Si mon père — lui dit le petit pensif —, vous avez raison... Et pourtant les dieux semblent bien loin ! On nous dit que Jupiter guide le monde de toute part, que

Cérès est la protectrice des récoltes, que Minerve oriente les sages, niais ne pensez- vous pas que nous avons besoin que quelqu'un vienne au monde, au nom des dieux, partager sa vie avec les hommes dans leurs difficultés et leurs douleurs ?... Les divinités aident les êtres conformément aux sacrifices qu'ils reçoivent dans les temples. Ainsi, la protection du ciel varie en fonction de la position des hommes.
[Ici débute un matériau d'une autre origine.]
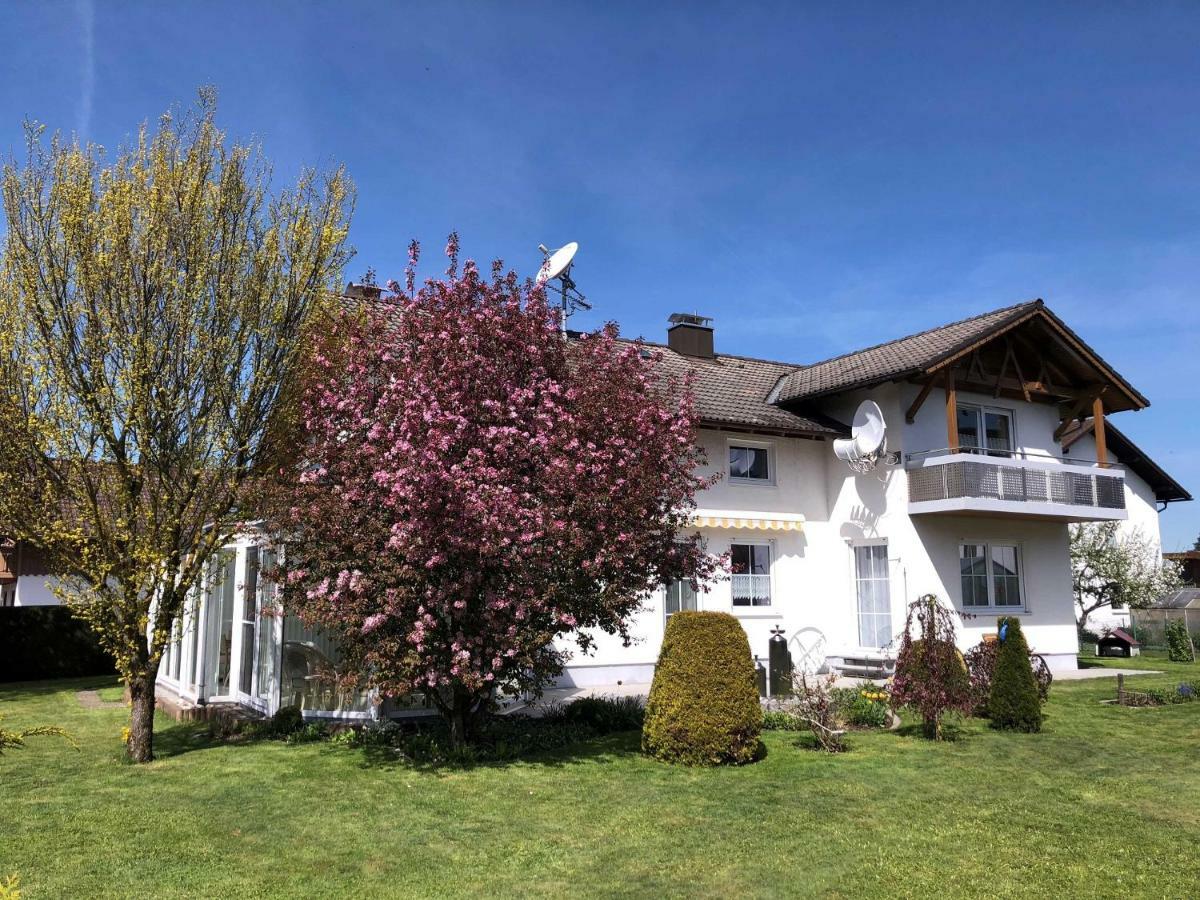 Christl'S Ferienwohnung Marktoberdorf Dış mekan fotoğraf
Il y a ceux qui peuvent apporter aux sanctuaires des taureaux et des oiseaux, des encens et de l'argent, cependant la majorité des habitants d'une ville est composée de gens pauvres qui ne connaissent que le sacrifice et la servitude... Vous croyez père que les esclaves sont déshérités du ciel ? Que ceux qui travaillent le plus doivent être les moins favorisés ?

Prononcées avec humilité et affection, le fils de Varrus recevait de telles paroles comme des jets de lumière intérieure.
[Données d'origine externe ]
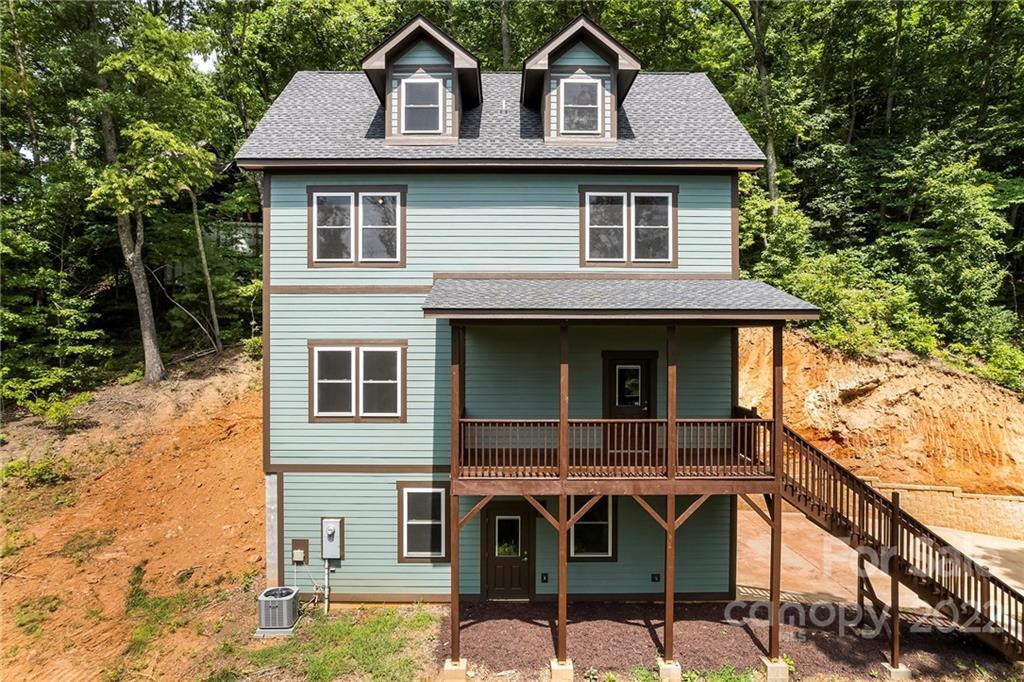 64 Crystal June Ln., Asheville, NC 28803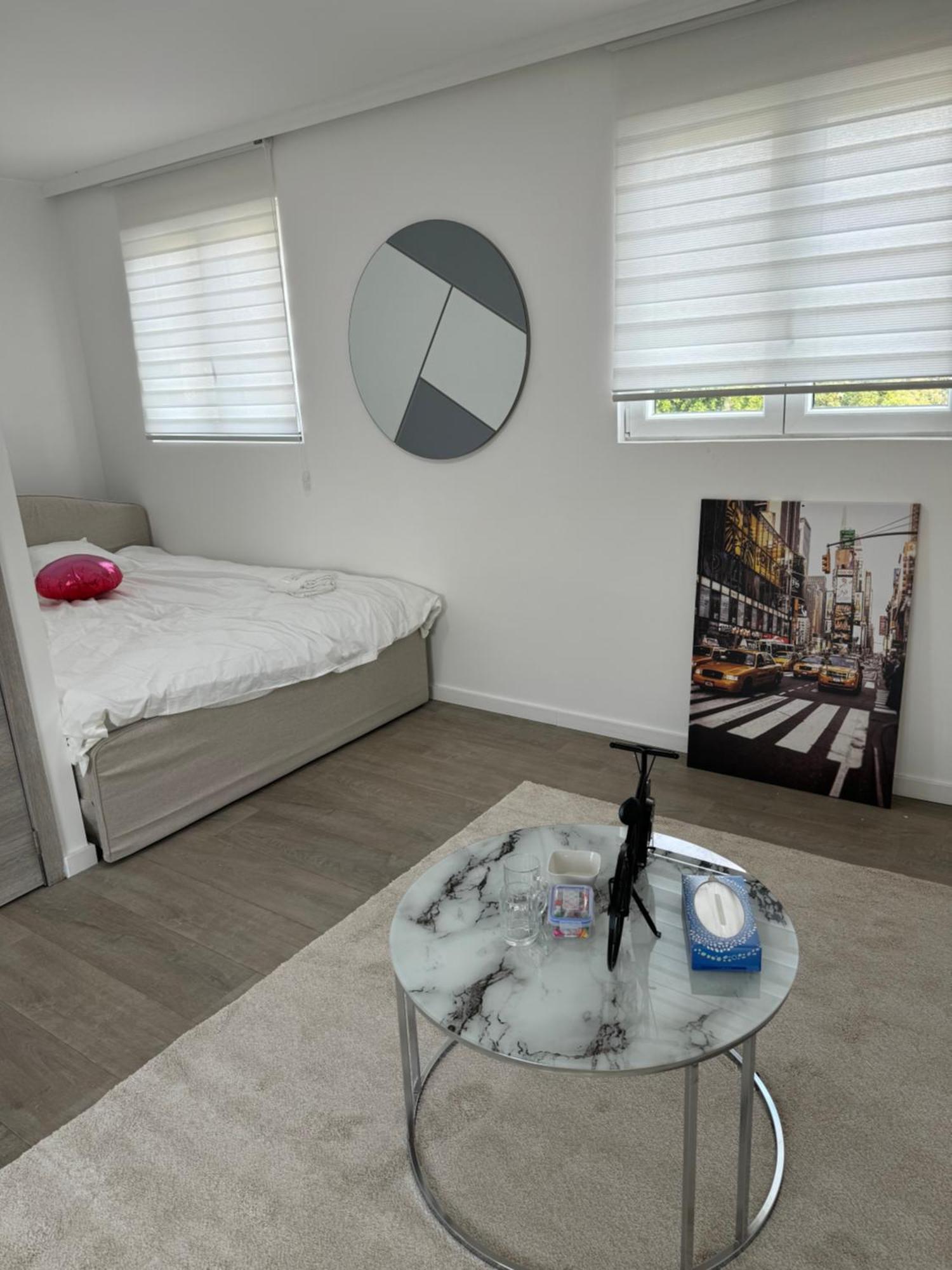 Qozyroom Machelen Ngoại thất bức ảnh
Lui-même était bien nanti, il avait grandi protégé par le prestige de l'or, mais les surprises du destin petit à petit l'avaient dépouillé de tous les avantages et privilèges.

La mort de sa femme et le mécontentement de sa famille le plaçaient au bord de l'appauvrissement économique le plus complet.

Le tout dernier coup viendrait de son beau-frère et gendre.

Peut-être ne tarderait-il pas à connaître la pénible condition des hommes condamnés à la servilité, de subalterne dans l'ombre.

À un tel tournant de la vie sur terre, il ressentait le souffle de l'adversité qui gelait son

cœur.

Aurait-il une foi suffisamment robuste dans les jours incertains qui approchaient ?

Les commentaires de son fils adoptif éveillaient en son âme cette pensée crucifiante.

Il est devenu légèrement livide et lui dit :

Oui, oui, tes remarques sont appréciables mais nous ne pouvons oublier que notre existence reste structurée sur le fondement des classes.

Et se rappelant les sages interprétations d'anciens Romains, il a ajouté :

La société est un corps dont nous sommes une partie intégrante. La tête hissée sur les épaules a pour mission de raisonner et de décider. Les mains et les pieds sont faits pour servir.

Dans l'organisme de notre vie politique, l'aristocratie représente les sens tels que la vision, l'audition et le touché qui assiste le cerveau à examiner et à discerner, alors que les plébéiens sont les membres chargés du travail et de la soumission. Nous ne pourrions pas inverser l'ordre. La naissance et la position, le nom et les conquêtes sont les piliers de notre équilibre.